§ Exercise details
In the material below, find every line with "white" and pull it out.

━━━━━━━━━━━━━━━━━━━━

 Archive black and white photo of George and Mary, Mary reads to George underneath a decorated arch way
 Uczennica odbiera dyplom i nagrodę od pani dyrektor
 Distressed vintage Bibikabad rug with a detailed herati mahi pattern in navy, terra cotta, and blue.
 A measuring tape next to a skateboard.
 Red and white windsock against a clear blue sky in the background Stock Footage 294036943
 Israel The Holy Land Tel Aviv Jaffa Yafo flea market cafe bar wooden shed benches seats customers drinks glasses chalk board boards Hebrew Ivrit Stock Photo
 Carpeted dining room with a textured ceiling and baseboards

━━━━━━━━━━━━━━━━━━━━

§ Exercise response
 Archive black and white photo of George and Mary, Mary reads to George underneath a decorated arch way
 Red and white windsock against a clear blue sky in the background Stock Footage 294036943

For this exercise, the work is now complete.